JavaScript (ES6), 136

Quite slow golfed this way, computing term 100 in about 8 seconds in my PC.

(n,F=i=>i>1?F(i-1)+F(i-2):i+1,K=(n,i=1,d,x)=>eval('for(;(d=F(i++))<=n&&!(x=!(n%d)&&K(n/d)););x||n<2'))=>eval('for(a=0;n;)K(++a)&&--n;a')
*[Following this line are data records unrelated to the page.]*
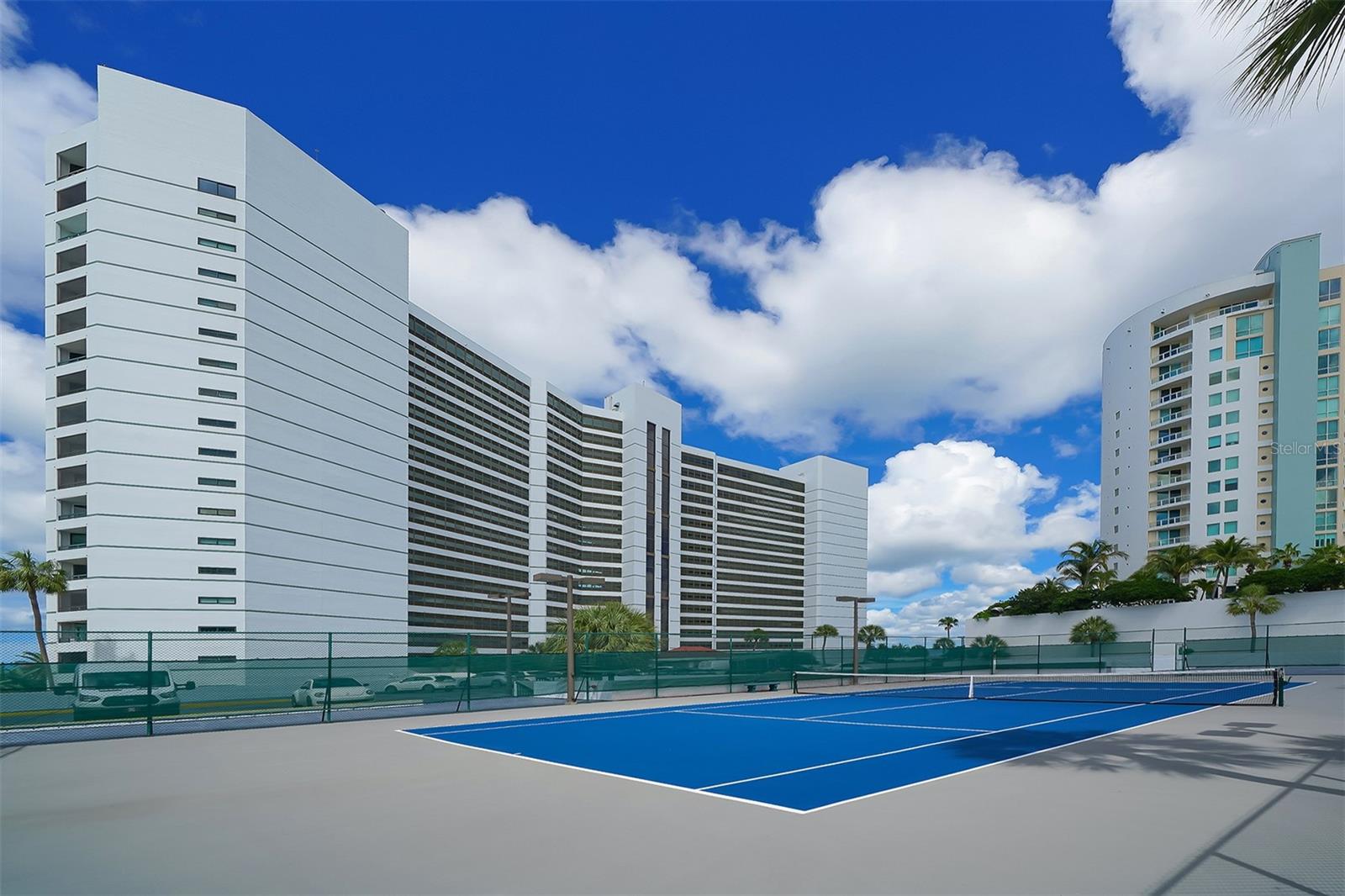 988 BLVD OF THE ARTS #1411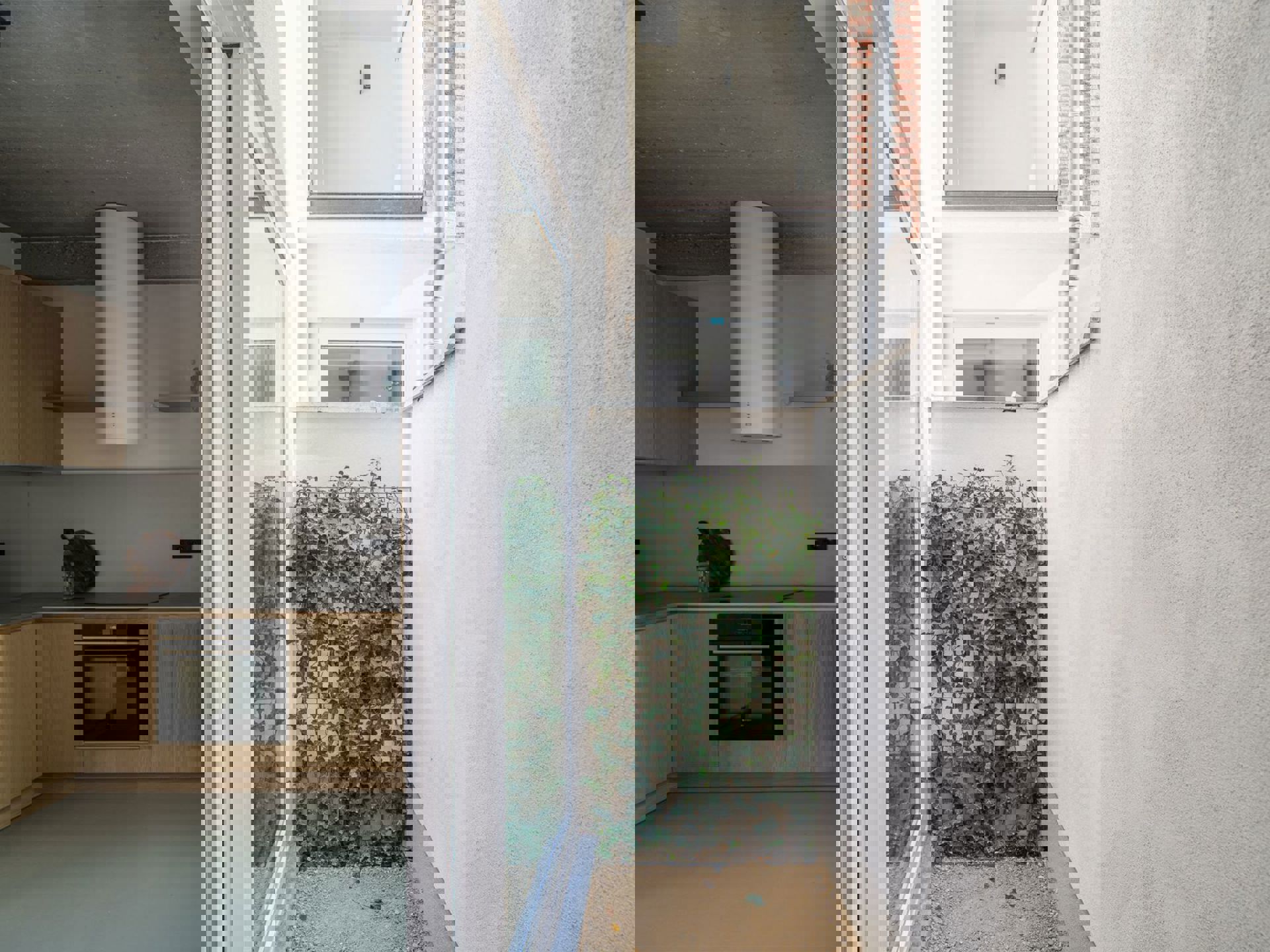 Maison à louer à Gand avec 2 chambres - photo 2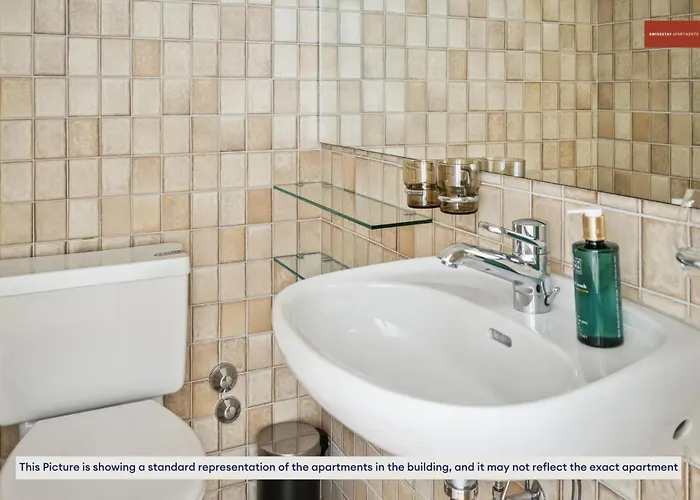 Апартаменти Beautiful Boutique Drahtzug8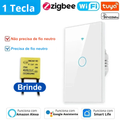Interruptor inteligente wi-fi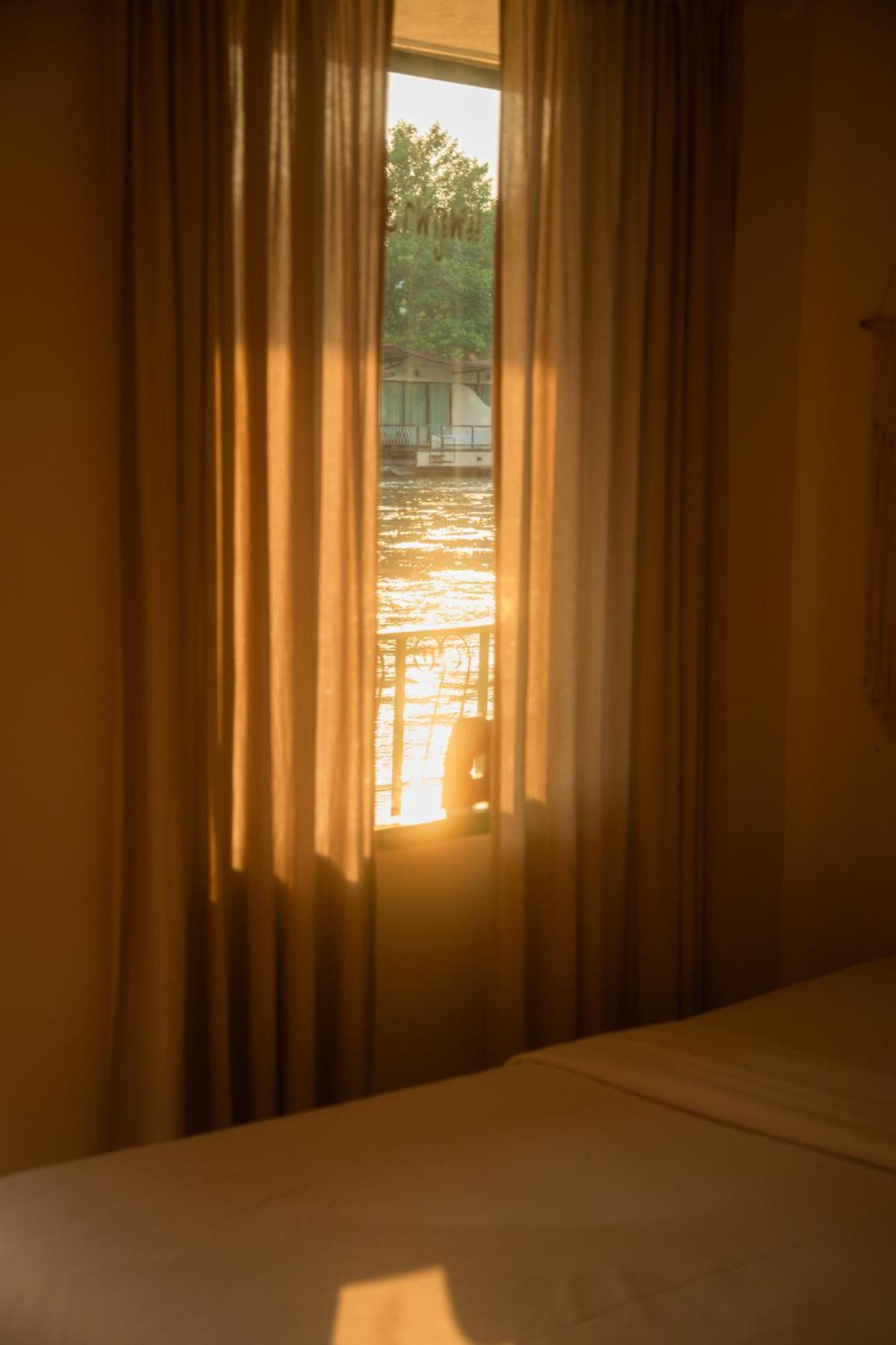 Baanpufa Resort Sai Yok Ngoại thất bức ảnh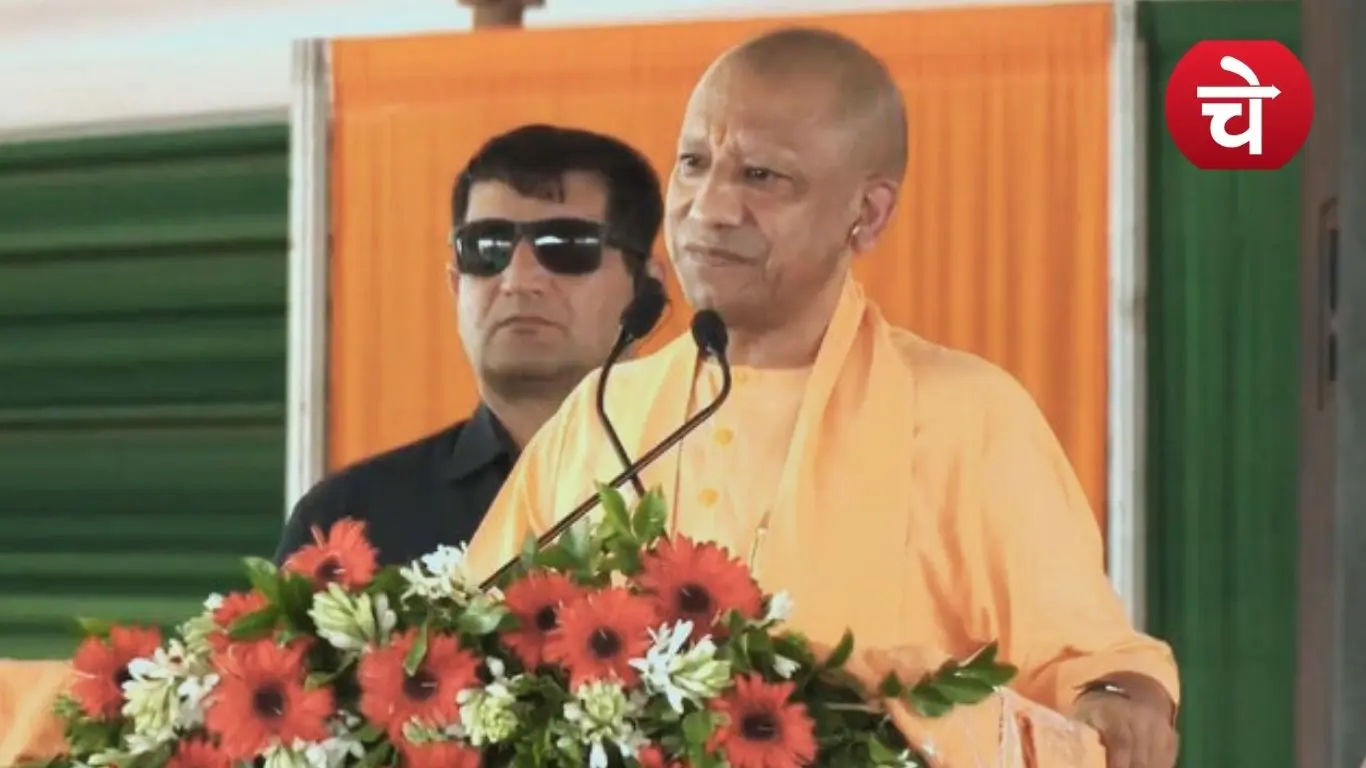Yogi-ji wow Yogi-ji
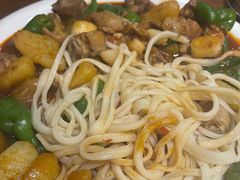 -新疆哈利德餐厅(紫薇都市店)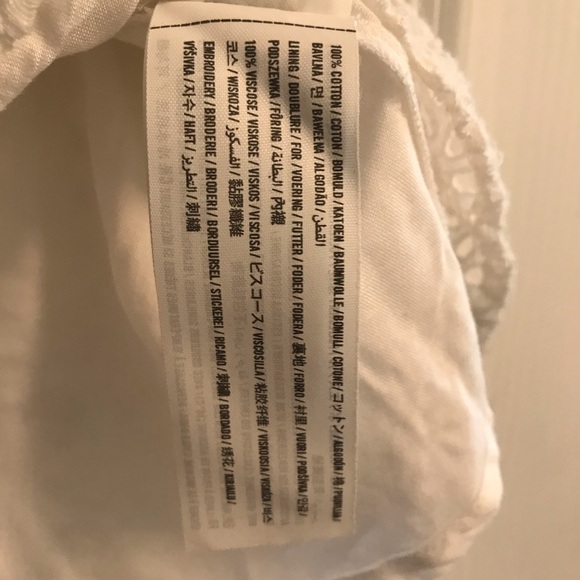 Abercrombie & Fitch women’s skirt new with tag - Picture 6 of 9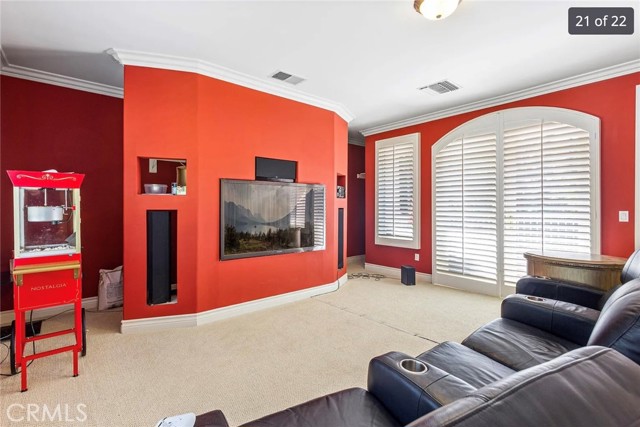 Detail Gallery Image 18 of 18 For 4755 Vanalden, Tarzana,  CA 91356 - 6 Beds | 5 Baths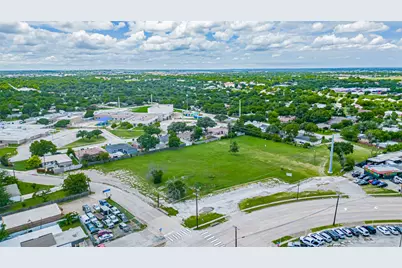 730 S Cherry Lane, White Settlement, TX 76108 - Photo 4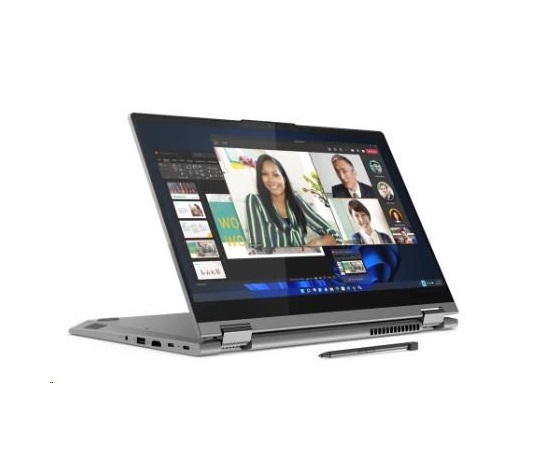 LENOVO NTB ThinkBook 14s Yoga G3 IRU - i5-1335U,14" FHD IPS touch,16GB,512SSD,THb,HDMI,Int. Iris Xe,W11H,3Y onsite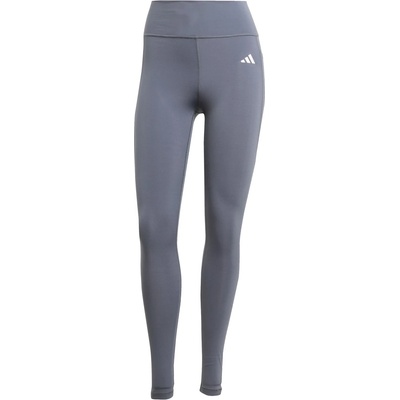 adidas Дамски клин Adidas Women's Optime Essentials Stash Pocket Full Length Leggings - Onix / White - размер XS (111-1527-0711)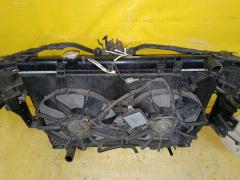 Телевизор на Nissan Fuga Y50 VQ25DE Фото 9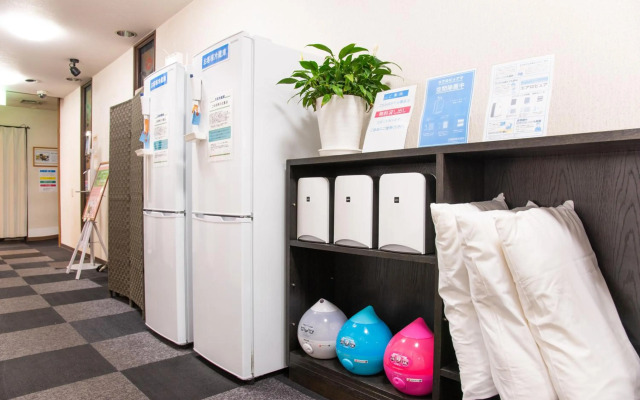 Hotel Crane Tachibana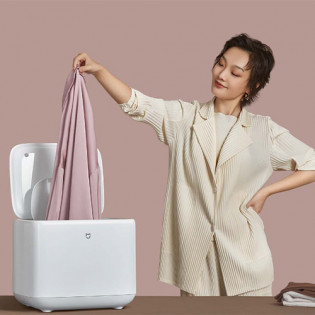 Mi Home (Mijia) Mini Washing Machine 1kg (XQB10MJ501)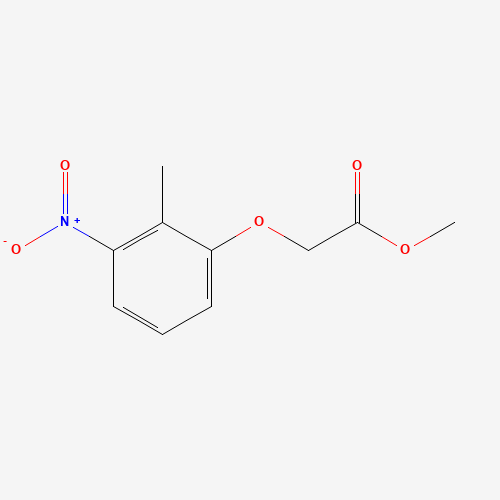 FT-0725386 CAS:1089691-61-1 chemical structure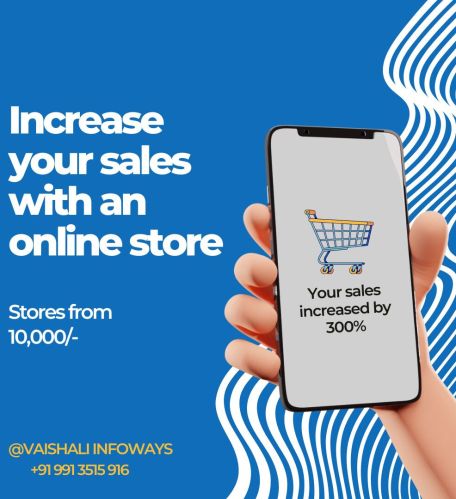 Custom Website Design & Development Solutions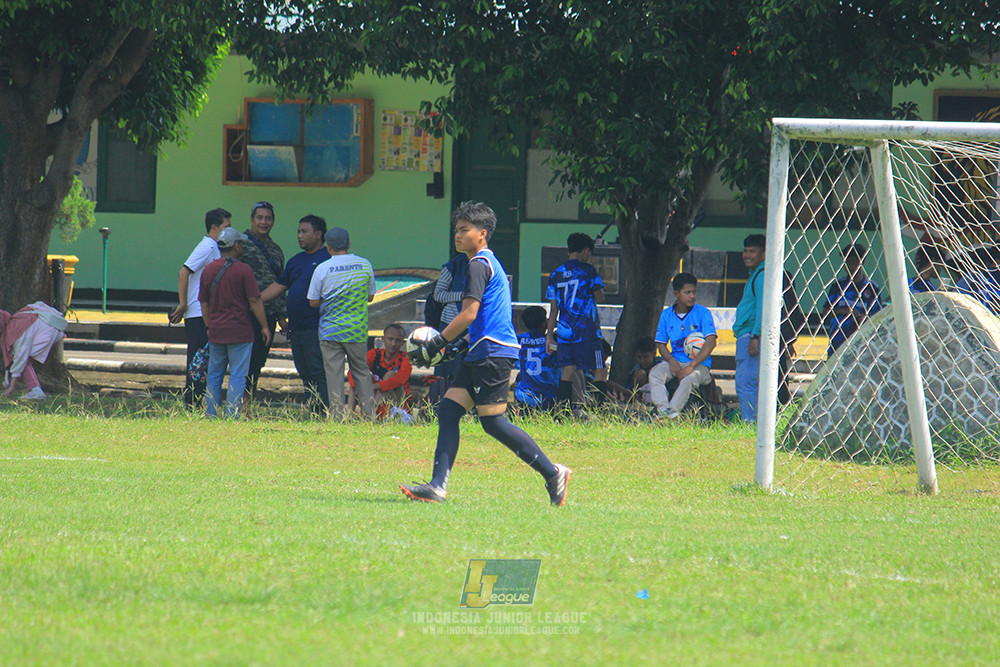 ijl u14 221125 satharlan fc vs metra muda soccer school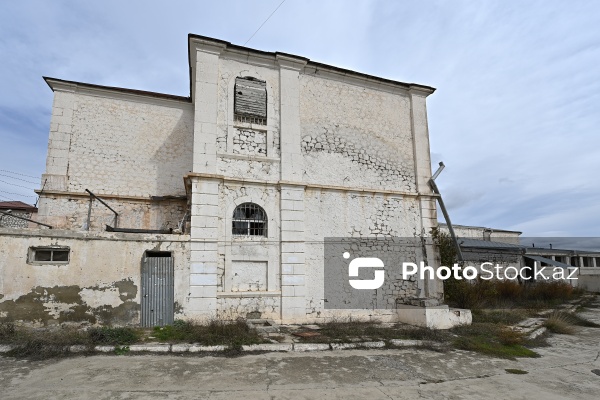 33 beynəlxalq səyyahdan ibarət qrupun Şuşa səfəri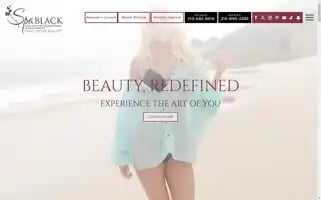 Spablack.com Screenshot 2024-05-14 00:44:22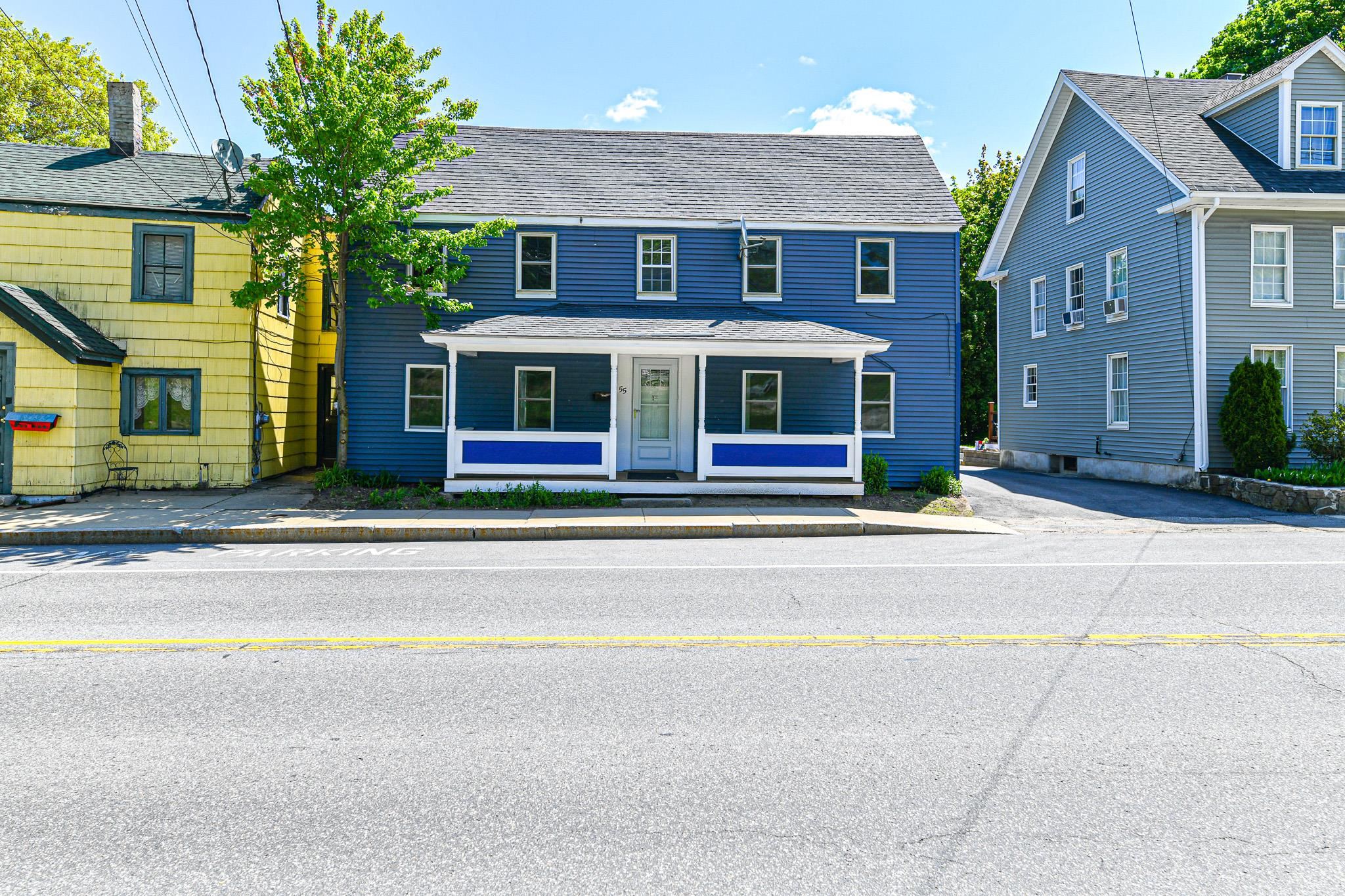 55 Exeter Rd, Newmarket, NH 03857 MLS 4954559 Coldwell Banker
Less golfed and faster too (avoiding eval)

n=>{
  F=i=> i>1 ? F(i-1)+F(i-2) : i+1; // recursive calc Fibonacci number
  K=(n,i=1,d,x)=>{ // recursive check divisibility
    for(; (d=F(i++))<=n && !(x=!(n%d)&&K(n/d)); );
    return x||n<2
  };
  for(a=0; n; )
    K(++a) && --n;
  return a
}

Test

X=(n,F=i=>i>1?F(i-1)+F(i-2):i+1,K=(n,i=1,d,x)=>eval('for(;(d=F(i++))<=n&&!(x=!(n%d)&&K(n/d)););x||n<2'))=>eval('for(a=0;n;)K(++a)&&--n;a')

function test() {
  var i=+I.value
  O.textContent=X(i)
}

test()

<input id=I value=100 >
<button onclick="test()">Go</button><pre id=O></pre>

Haskell, 123 bytes

f=2:scanl(+)3f
m((a:b):c)=a:m(b?(a#c))
v#((a:b):c)|v==a=b?(v#c)
_#l=l
y?(z:e)|y>z=z:y?e
a?b=a:b
l=1:m[[a*b|b<-l]|a<-f]
(l!!)

Very lazy, much infinite!

Possibly not the shortes way, but I had to try this approach, a generalization of a quite well known method to compute the list of hamming numbers. f is the list of fibonacci numbers starting from 2. For brevity, let's say that a lol (list of lists) is an infinite list of ordered infinite lists, ordered by their first elements. m is a function to merge a lol, removing duplicates. It uses two infix helper functions. ? inserts an infinite sorted list into a lol. # removes a value from a lol that may appear as head of the first lists, reinserting the remaining list with ?.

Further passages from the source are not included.